When you reach the line containing "Windabweiser rauchglas für" in the records below, start copying exactly, and stop once you have copied the line containing "[OUT OF STOCK]".
+-------+
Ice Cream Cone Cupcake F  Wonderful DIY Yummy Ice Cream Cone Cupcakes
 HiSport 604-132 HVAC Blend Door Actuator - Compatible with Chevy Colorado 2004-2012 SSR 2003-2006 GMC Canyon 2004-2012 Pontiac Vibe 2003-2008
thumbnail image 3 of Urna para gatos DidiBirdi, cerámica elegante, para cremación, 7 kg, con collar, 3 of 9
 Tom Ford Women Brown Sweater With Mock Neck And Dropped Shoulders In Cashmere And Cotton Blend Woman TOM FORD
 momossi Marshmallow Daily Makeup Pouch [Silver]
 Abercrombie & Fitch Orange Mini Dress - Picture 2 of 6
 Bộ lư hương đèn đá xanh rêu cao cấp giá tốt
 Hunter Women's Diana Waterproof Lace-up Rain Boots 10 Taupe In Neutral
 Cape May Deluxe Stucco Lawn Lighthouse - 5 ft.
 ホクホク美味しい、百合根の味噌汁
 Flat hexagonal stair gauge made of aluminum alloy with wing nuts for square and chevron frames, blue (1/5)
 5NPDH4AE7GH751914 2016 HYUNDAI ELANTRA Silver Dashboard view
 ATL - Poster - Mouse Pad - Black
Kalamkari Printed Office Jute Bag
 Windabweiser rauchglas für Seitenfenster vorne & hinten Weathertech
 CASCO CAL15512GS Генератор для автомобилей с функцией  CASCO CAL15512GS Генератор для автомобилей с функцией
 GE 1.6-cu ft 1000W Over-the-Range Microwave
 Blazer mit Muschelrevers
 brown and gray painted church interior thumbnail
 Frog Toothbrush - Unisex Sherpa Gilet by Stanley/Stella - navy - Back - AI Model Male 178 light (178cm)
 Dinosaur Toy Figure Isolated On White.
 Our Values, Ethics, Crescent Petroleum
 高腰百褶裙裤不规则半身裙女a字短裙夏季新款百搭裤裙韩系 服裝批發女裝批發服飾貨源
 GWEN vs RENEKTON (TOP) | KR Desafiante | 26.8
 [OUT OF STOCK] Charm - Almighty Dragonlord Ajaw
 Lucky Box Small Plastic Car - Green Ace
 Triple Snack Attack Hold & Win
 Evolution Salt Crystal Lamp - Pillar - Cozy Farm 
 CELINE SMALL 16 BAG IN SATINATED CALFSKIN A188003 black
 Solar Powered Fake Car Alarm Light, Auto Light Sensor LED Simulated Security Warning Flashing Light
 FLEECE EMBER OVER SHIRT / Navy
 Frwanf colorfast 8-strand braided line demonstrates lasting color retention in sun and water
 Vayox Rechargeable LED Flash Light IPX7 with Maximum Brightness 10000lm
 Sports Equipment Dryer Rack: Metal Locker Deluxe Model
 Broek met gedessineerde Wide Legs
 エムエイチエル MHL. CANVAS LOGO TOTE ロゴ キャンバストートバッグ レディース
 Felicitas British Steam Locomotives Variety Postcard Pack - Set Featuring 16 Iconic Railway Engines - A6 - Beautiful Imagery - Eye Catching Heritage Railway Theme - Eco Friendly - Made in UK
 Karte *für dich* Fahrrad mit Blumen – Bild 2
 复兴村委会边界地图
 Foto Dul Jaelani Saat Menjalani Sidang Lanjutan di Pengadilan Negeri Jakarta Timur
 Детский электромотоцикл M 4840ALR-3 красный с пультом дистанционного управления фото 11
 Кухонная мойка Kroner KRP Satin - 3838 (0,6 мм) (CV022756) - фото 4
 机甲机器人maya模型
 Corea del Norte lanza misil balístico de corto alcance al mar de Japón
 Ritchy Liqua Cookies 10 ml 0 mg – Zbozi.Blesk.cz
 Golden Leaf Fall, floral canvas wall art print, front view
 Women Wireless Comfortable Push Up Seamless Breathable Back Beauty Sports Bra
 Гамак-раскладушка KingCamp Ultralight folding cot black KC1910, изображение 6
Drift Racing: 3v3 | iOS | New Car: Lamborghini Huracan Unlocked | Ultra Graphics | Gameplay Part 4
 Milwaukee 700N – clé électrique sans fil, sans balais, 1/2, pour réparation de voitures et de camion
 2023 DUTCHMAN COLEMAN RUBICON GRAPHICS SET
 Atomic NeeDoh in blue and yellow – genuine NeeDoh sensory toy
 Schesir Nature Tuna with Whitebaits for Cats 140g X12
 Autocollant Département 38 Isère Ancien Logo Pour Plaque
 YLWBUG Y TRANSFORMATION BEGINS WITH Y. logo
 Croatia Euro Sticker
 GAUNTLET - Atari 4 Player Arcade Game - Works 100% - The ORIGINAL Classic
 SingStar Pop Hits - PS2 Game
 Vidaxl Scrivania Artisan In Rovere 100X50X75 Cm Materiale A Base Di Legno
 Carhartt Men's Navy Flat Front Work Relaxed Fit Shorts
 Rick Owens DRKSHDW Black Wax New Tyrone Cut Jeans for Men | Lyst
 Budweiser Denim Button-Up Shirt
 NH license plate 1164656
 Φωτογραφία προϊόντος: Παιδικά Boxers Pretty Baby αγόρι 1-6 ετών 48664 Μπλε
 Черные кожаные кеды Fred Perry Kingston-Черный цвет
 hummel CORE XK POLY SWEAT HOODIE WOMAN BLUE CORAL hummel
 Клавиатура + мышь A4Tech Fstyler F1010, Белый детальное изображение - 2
+-------+
RESPONSE TO THE TASK —
 Windabweiser rauchglas für Seitenfenster vorne & hinten Weathertech
 CASCO CAL15512GS Генератор для автомобилей с функцией  CASCO CAL15512GS Генератор для автомобилей с функцией
 GE 1.6-cu ft 1000W Over-the-Range Microwave
 Blazer mit Muschelrevers
 brown and gray painted church interior thumbnail
 Frog Toothbrush - Unisex Sherpa Gilet by Stanley/Stella - navy - Back - AI Model Male 178 light (178cm)
 Dinosaur Toy Figure Isolated On White.
 Our Values, Ethics, Crescent Petroleum
 高腰百褶裙裤不规则半身裙女a字短裙夏季新款百搭裤裙韩系 服裝批發女裝批發服飾貨源
 GWEN vs RENEKTON (TOP) | KR Desafiante | 26.8
 [OUT OF STOCK] Charm - Almighty Dragonlord Ajaw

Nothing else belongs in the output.